*** Block opens ***

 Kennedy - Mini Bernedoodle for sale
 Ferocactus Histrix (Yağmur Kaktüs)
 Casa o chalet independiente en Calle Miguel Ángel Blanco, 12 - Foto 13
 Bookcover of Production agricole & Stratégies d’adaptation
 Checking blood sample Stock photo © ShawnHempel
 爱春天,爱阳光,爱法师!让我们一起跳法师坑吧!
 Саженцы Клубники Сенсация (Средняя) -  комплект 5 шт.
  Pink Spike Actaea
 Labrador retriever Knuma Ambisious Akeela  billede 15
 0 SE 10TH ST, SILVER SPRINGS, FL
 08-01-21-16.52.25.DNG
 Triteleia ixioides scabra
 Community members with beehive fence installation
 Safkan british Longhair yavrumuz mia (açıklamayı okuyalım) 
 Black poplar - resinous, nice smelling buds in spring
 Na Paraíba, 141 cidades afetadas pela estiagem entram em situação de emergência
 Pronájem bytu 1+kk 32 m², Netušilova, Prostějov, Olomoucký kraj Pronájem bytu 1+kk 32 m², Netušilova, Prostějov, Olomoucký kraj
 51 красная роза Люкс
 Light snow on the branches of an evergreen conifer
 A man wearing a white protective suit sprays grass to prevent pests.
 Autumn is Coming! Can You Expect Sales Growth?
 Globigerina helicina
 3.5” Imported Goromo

*** Block closes ***

HOW TO COMPLETE THIS TASK: Retype each line above exactly as written.

RESPONSE FOR THIS EXERCISE:
 Kennedy - Mini Bernedoodle for sale
 Ferocactus Histrix (Yağmur Kaktüs)
 Casa o chalet independiente en Calle Miguel Ángel Blanco, 12 - Foto 13
 Bookcover of Production agricole & Stratégies d’adaptation
 Checking blood sample Stock photo © ShawnHempel
 爱春天,爱阳光,爱法师!让我们一起跳法师坑吧!
 Саженцы Клубники Сенсация (Средняя) -  комплект 5 шт.
  Pink Spike Actaea
 Labrador retriever Knuma Ambisious Akeela  billede 15
 0 SE 10TH ST, SILVER SPRINGS, FL
 08-01-21-16.52.25.DNG
 Triteleia ixioides scabra
 Community members with beehive fence installation
 Safkan british Longhair yavrumuz mia (açıklamayı okuyalım) 
 Black poplar - resinous, nice smelling buds in spring
 Na Paraíba, 141 cidades afetadas pela estiagem entram em situação de emergência
 Pronájem bytu 1+kk 32 m², Netušilova, Prostějov, Olomoucký kraj Pronájem bytu 1+kk 32 m², Netušilova, Prostějov, Olomoucký kraj
 51 красная роза Люкс
 Light snow on the branches of an evergreen conifer
 A man wearing a white protective suit sprays grass to prevent pests.
 Autumn is Coming! Can You Expect Sales Growth?
 Globigerina helicina
 3.5” Imported Goromo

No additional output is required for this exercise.